Currently two optimization modes are supported.

- pure parameter optimization 
- Random chopped base PWC function optimization (Fourier and Sigmoid bases)

Installing
===========

Install with **pip**:

.. code-block:: console

    $ pip install qcalibrateremote

for conda environment install grcpio explicitly

.. code-block:: console

    $ conda install grpcio 


Usage
=====

Prerequisits
------------

- Python 3.8+ (developed and tested with 3.8.5)
- Qruise Calibrate account (contact r.razilov@fz-juelich.de for details)
- Direct internet connection to server (may require VPN access)

Experiment
----------
Experiment defines is a set of meta-parameters controlling the optimization
Use use API or Web UI to create an experiment and define optimization parameters. Use online help to get learn about details.
The evaluation of figure of merit class can be supplied as class :code:`evaluate_fom_class=..` or object :code:`evaluate_fom_object=..`

Pure parameter optimization example
-----------------------------------

.. code-block:: python
    :name: parameter-optimizaton.py
    
    # import dependencies
    from typing import Dict

    from qcalibrateremote import (
        EvaluateFigureOfMerit,
        FigureOfMerit,
        create_optimizer_client,
    )

    # setup client connection (copy form web UI: https://www.qcalibrate.staging.optimal-control.net:31603)
    experiment_id="0xabcd"
    token=("ey...")

    optimizer_client = create_optimizer_client(
        host="grpc.qcalibrate.staging.optimal-control.net", port=31603, token=token)

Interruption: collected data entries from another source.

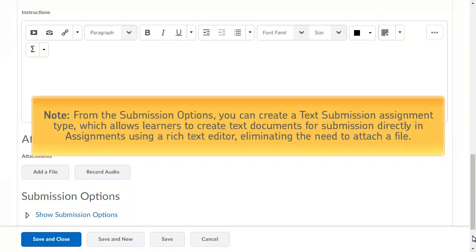Note, from the Submission Options, you can create a text submission assignment type, which allows learners to create text documents for submission directly in assignments using a rich text editor, eliminating the need to attach a file.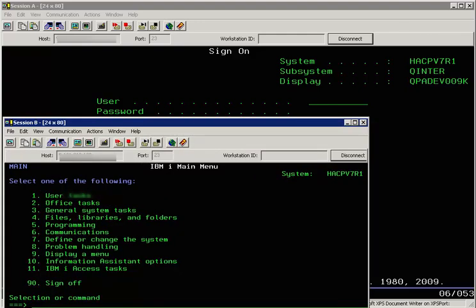So you can see that the new macro that we created ran automatically and we have been logged into the emulator screen.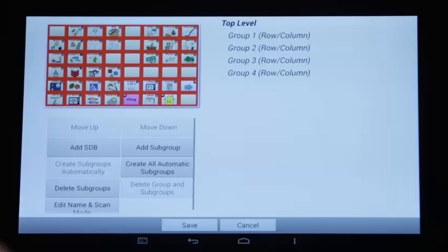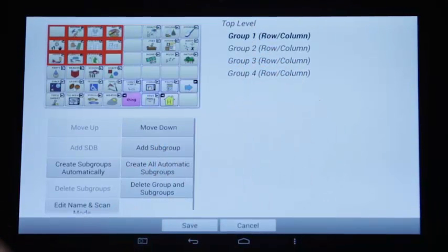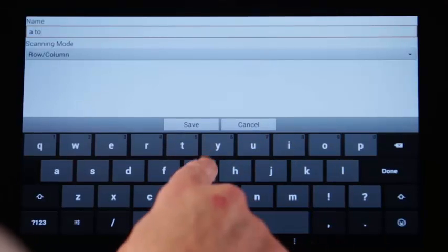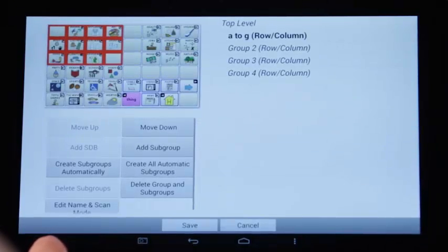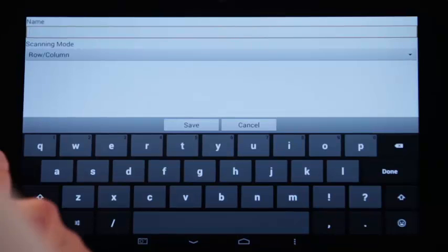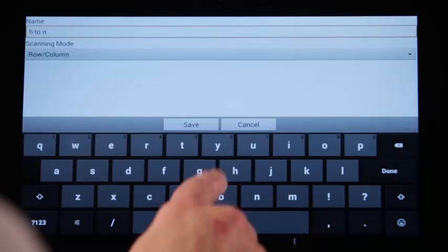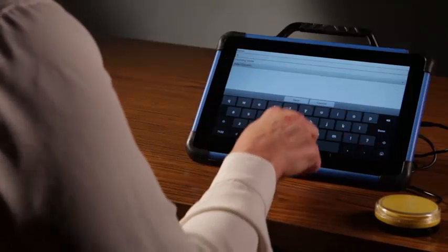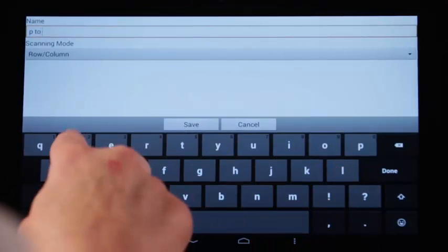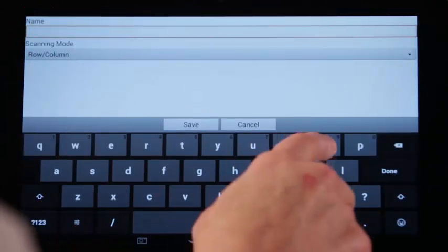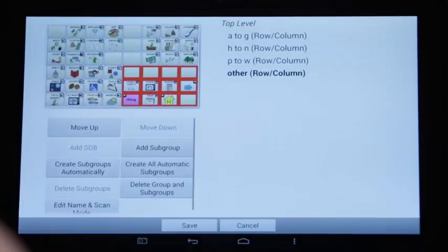Four groups are created. Each group can be renamed to create a meaningful label, which will be the auditory prompt. Tap Group 1, tap Edit Name and Scan Mode, type A to G, tap Save. Tap Group 2, tap Edit Name and Scan Mode, type H to N. Tap Group 3, tap Edit Name and Scan Mode, type P to W, and Save. Tap Group 4, Edit Name, type Other, tap Save. Tap Save again.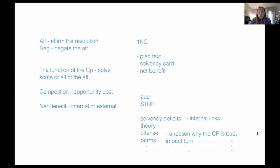The last thing we want to make sure to have is a permutation. A perm combines both the action of the counter plan and the action of the aff, and the purpose is to indicate that the counter plan and the aff are not mutually exclusive — not competitive. Another way of thinking about the perm is that the combination of the plan and the counter plan would still result in solving the net benefit, so there's no opportunity cost to doing one or the other, because competition is generated by the opportunity cost of the net benefit. For example, if the aff has a reason why Congress and the states working together would not link to the federalism disadvantage — because it no longer looks like the federal government is just taking unilateral control — then this is a reason why the permutation would resolve the net benefit.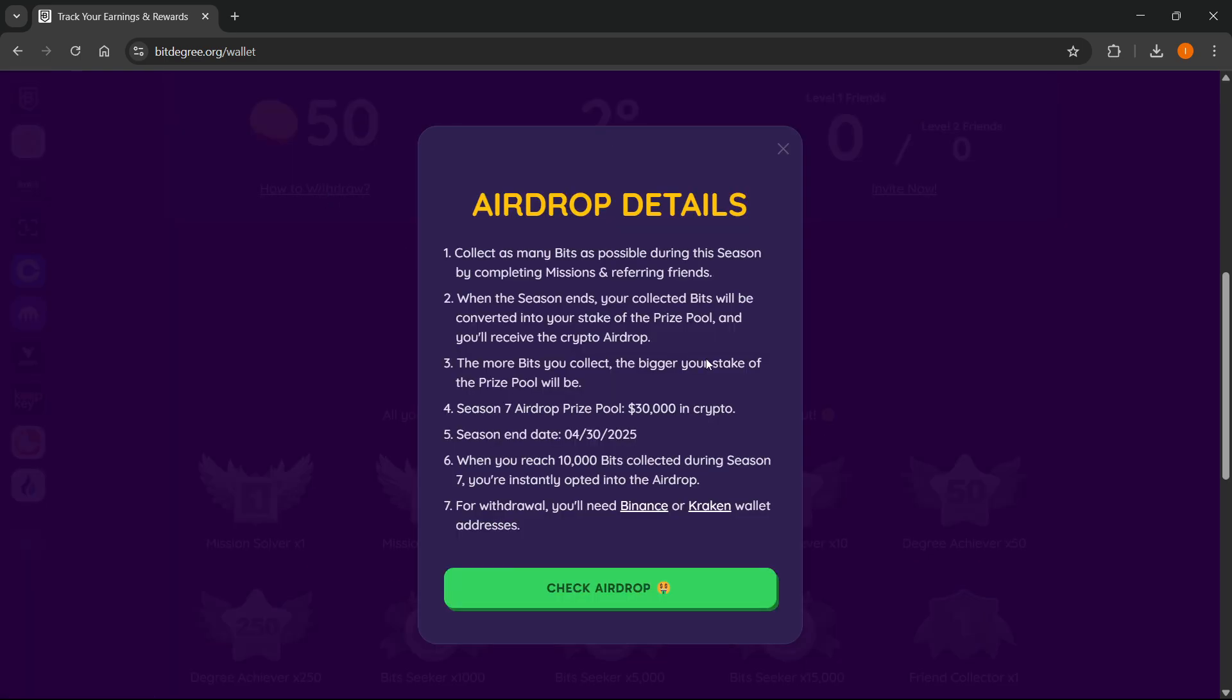When the season ends on the date shown, you will get the airdrop if you were able to collect 10,000 bits.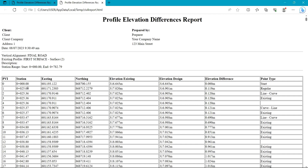The report has now been generated. You can see we have the station, the easting data, the northing, and the elevation. This column shows the existing elevation — the initial elevation from the original profile — and this shows the design elevation, which is the new road level you want the road to be. We also have the elevation difference and the point type: start, regular, line, curve, and existing.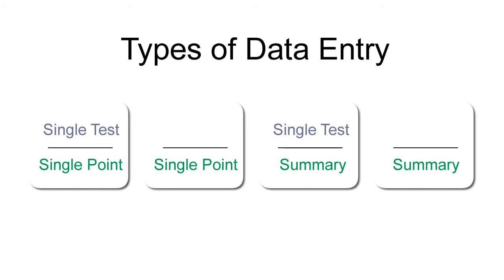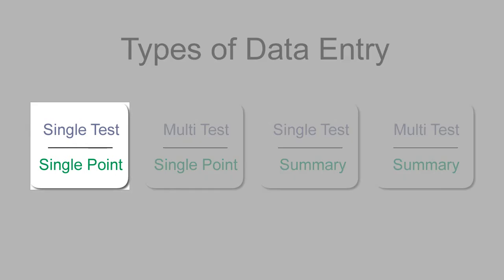Some customers prefer a faster method. This allows you to enter single point or summary data for multiple tests at the same time. Let's take a look at our first option.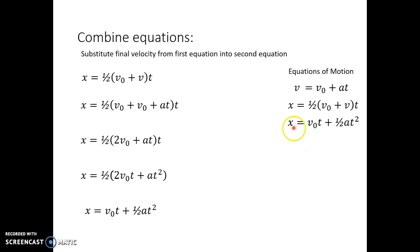My distance traveled equals my initial velocity times time plus half the acceleration times time squared: x equals v₀t plus one-half at².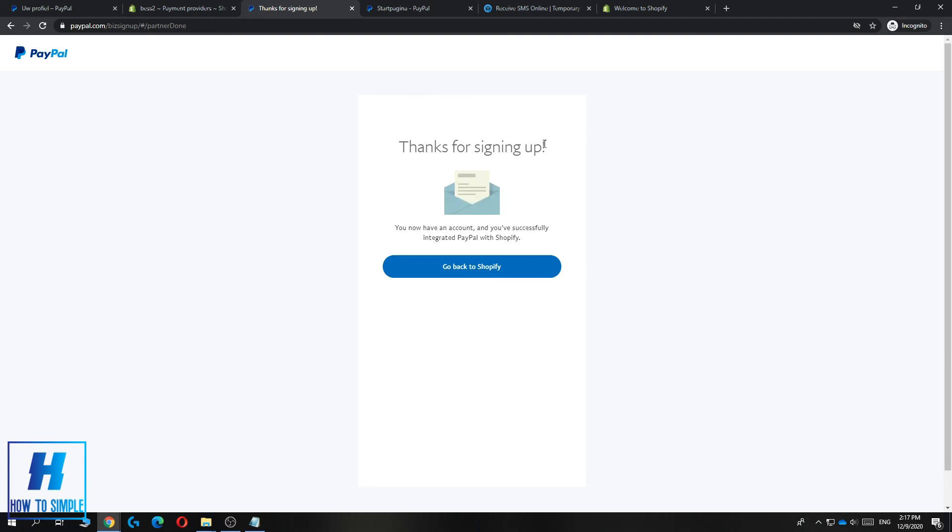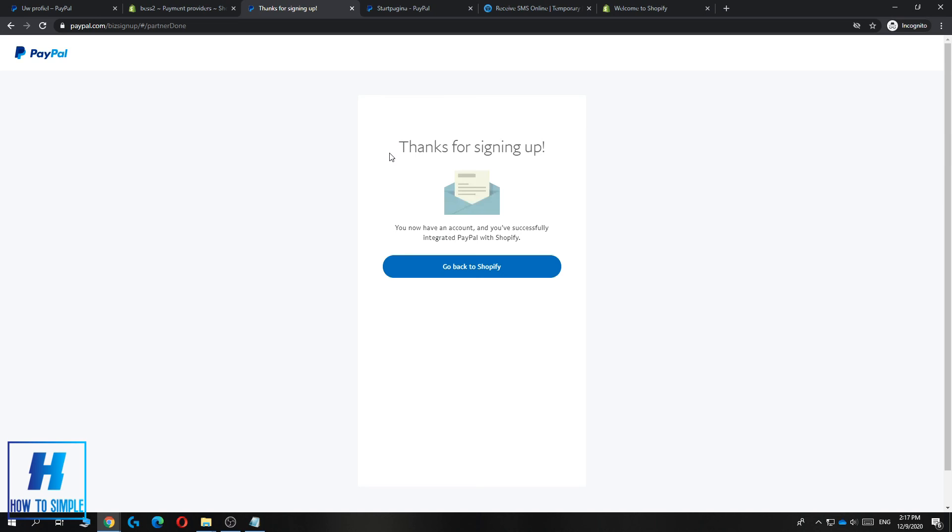As you can see this is basically everything you have to do. Thanks for signing up, you now have an account and you've successfully integrated PayPal with Shopify. So every time someone pays with PayPal on Shopify you will get an order and the money will be sent to your PayPal email.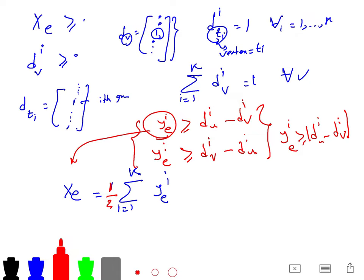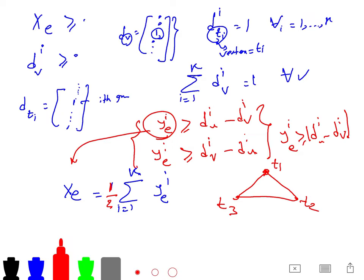X_iE becomes the sum over all extents, i from 1 to K. Because for each edge there are two coordinates, the maximum difference is 1, so we compensate by one half. It's like the L1 norm of the difference between two points in the simplex. This is the LP formulation, and you want to minimize C(E)·X(E) over all edges.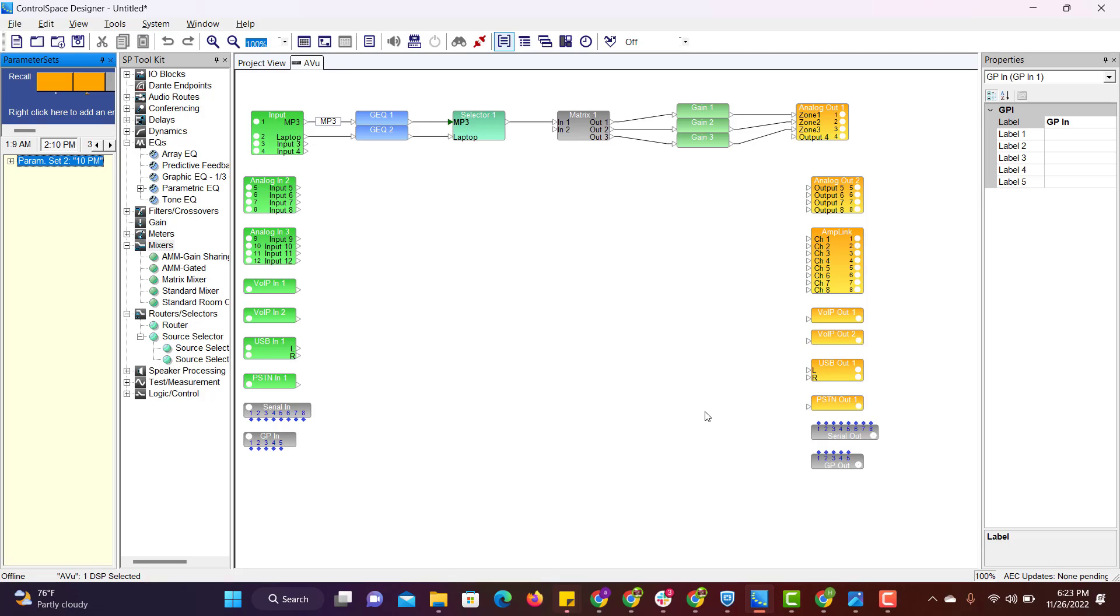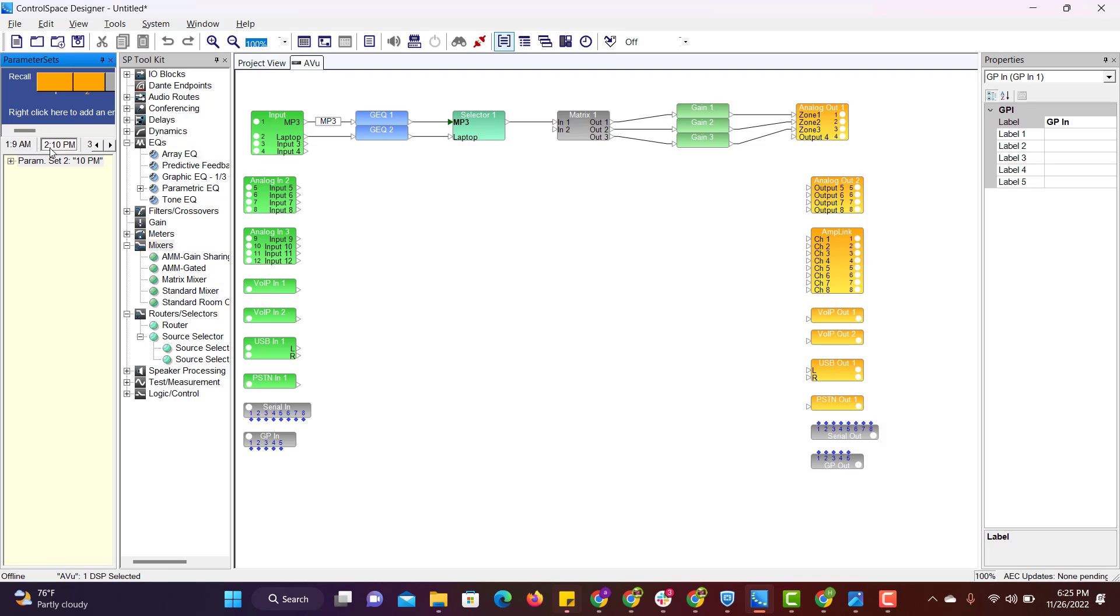We will be using the same program to demonstrate this functionality. I will be using the same parameter set that we used in the previous video, which is 9am to turn on the music system and 10pm to turn off the music system.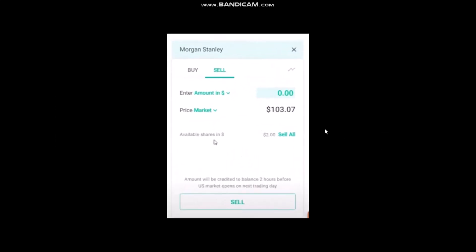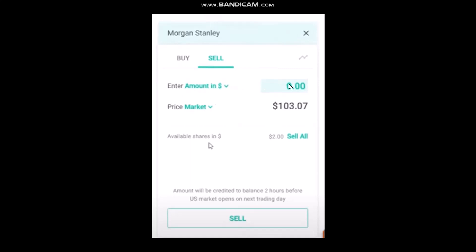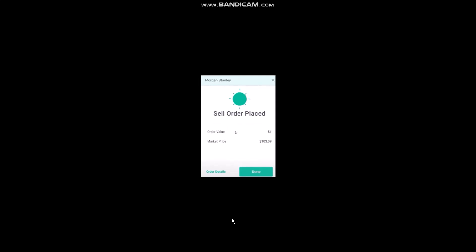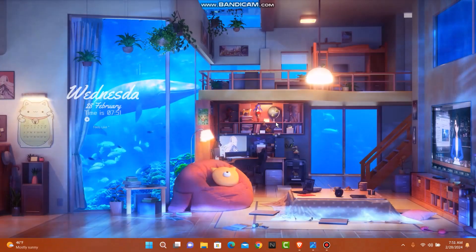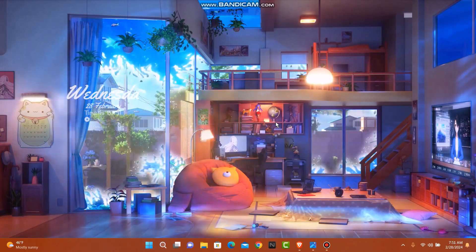Click on the three-dot icon and you will find an option that says Sale. Simply click on it, and you'll have an option to enter the amount of shares you want to sell. Once you are done, click Sale and enter your PIN number.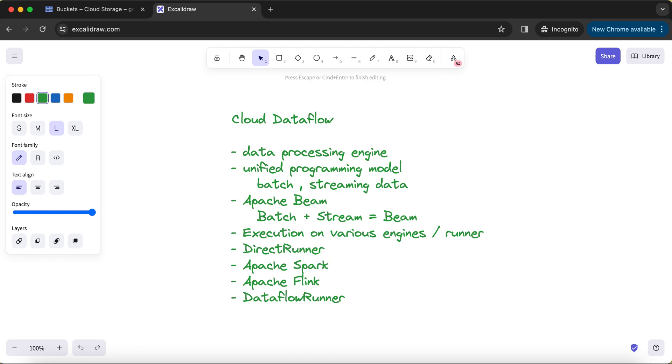But when it comes to scalability, you cannot really go with Direct Runner because it has scalability issues if you are talking about huge amounts of data and whatnot. Then you will have to use something else than Direct Runner based on the kind of environment and kind of infrastructure that your organization is providing you. Most of the times, Dataflow Runner is a natural choice for running your Cloud Dataflow jobs into the production environment.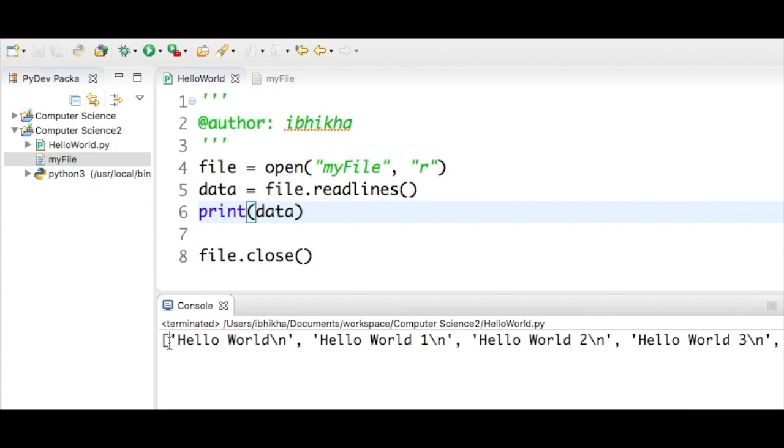As you can see now I have a list. I have got multiple items. Each item of the list is a separate sentence or a separate line that was in the text file.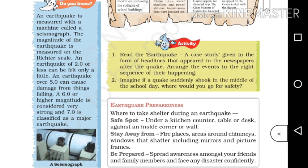Earthquake Preparedness: where to take shelter during an earthquake. A safe spot is a kitchen counter, table or desk against an inside corner of the wall.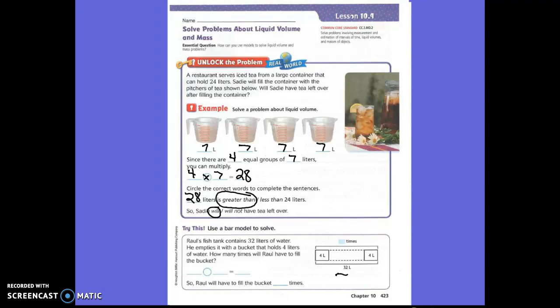So right now they have 4 liters and 4 liters — how much is that? Eight liters. So we need to keep adding 4 liters until we get to 32. Let's skip count and do this. So let's add another 4 liters — which would be how much? After 8, you're adding 4 more. 12. Then add 4 more liters — how much would that be? 16.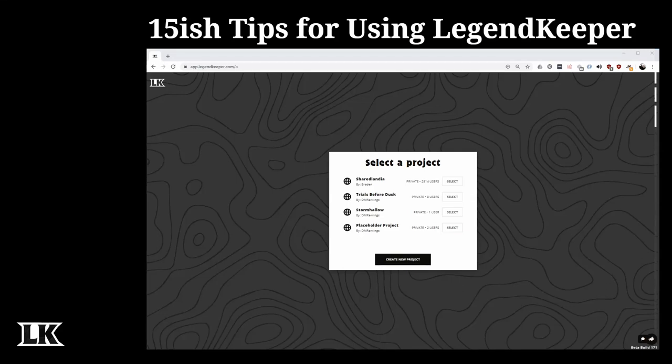Hello everyone, my name is DM Rawlings and these are my 15-ish tips for using Legend Keeper. If you're new to Legend Keeper, it is a campaign management tool used by dungeon masters and writers to build worlds. You can upload maps, create wiki articles, and associate them together through a series of pins in order to create a robust world to share with others or use for collaborative world building.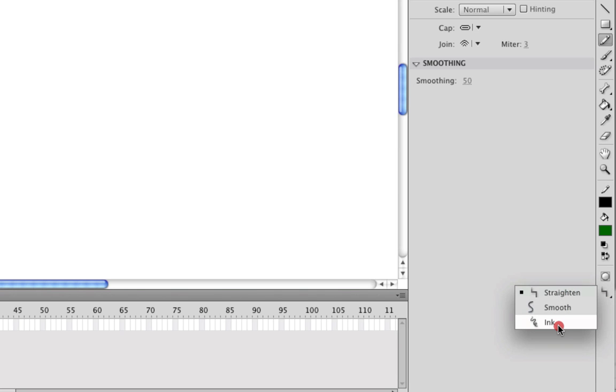you will see that you have three options here: Straighten, smooth, and ink. Now based on the descriptions alone, you can probably tell what each of these is going to do. But let's go ahead and demonstrate them anyway.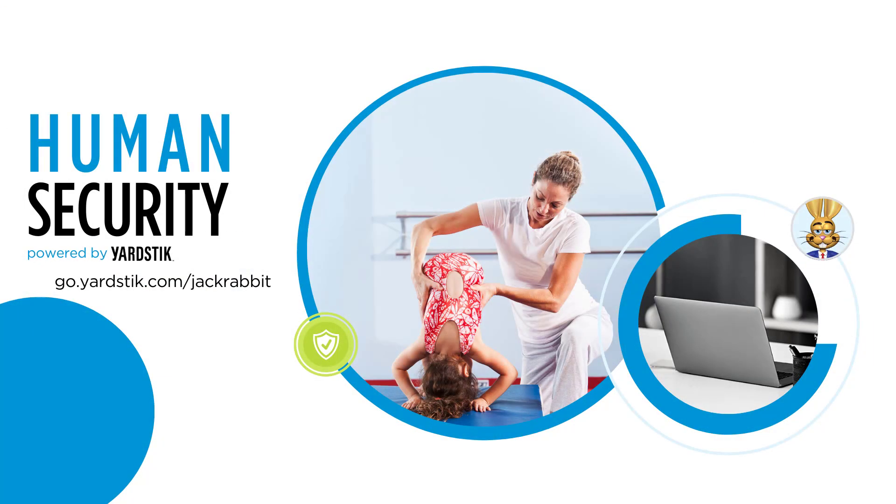Learn more and get started by going to go.yardstick.com/jackrabbit.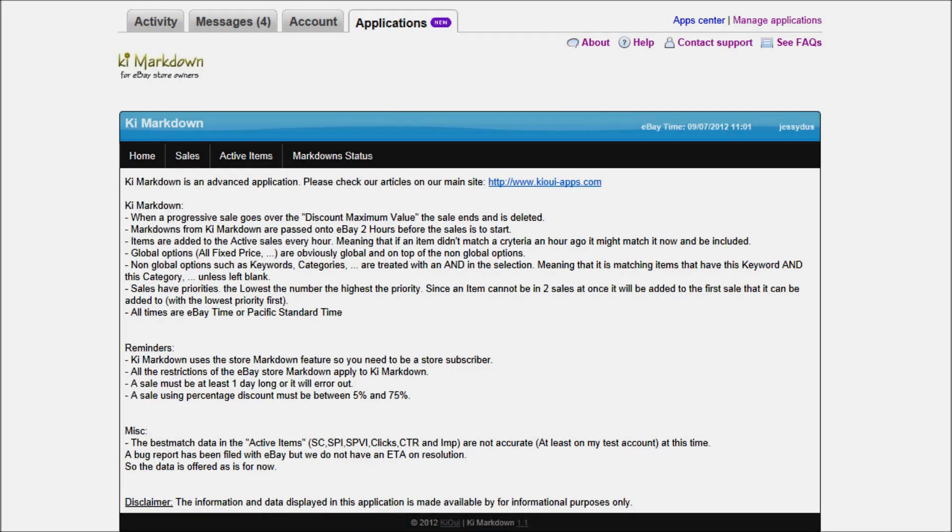Good morning everyone, this is Jean-Charles Compagnon with the KiwiApps, and today I'm going to show you how to create a very dynamic store with many markdowns using KeyMarkdown. In a previous video,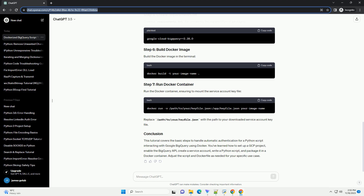ChatGPT response: Handling automatic authentication for a Python script that reads and writes data to Google BigQuery using Docker involves several steps. In this tutorial, we'll walk through the process from setting up a service account in the Google Cloud console to creating a Docker container that automates the authentication process. We'll use the Google Cloud BigQuery library for Python and Docker to containerize the script.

    # define infidelity evaluation class
    class DistanceFom(EvaluateFigureOfMerit):

        def __init__(self, *args, **kwargs) -> None:
            super().__init__()

        def infidelity(self, param1, param2) -> float:
            return (param1 - 0.55)**2 + (param2 - 0.33)**2

        def evaluate(self, parameters: Dict[str, float], **kwargs) -> FigureOfMerit:
            """Abstract method for figure of merit evaluation"""
            # print(parameters)
            return FigureOfMerit(self.infidelity(**parameters), '')

    # run optimization
    optimization_result = optimizer_client.run(experiment_id=experiment_id, evaluate_fom_class=DistanceFom)

    # best fitting parameters
    optimization_result.top[0].parameters 

Rather than create a completely new configuration, one can update an existing experiment configuration

.. code-block:: python

    with optimizer_client.update_experiment(experiment_id) as experiment_builder:
        with experiment_builder.configuration() as configuration:
            with configuration.parameter("param1") as param1:
                param1.initial_value = 0.7
        

    optimization_result = optimizer_client.run(
        experiment_id=experiment_id, evaluate_fom_class=DistanceFom)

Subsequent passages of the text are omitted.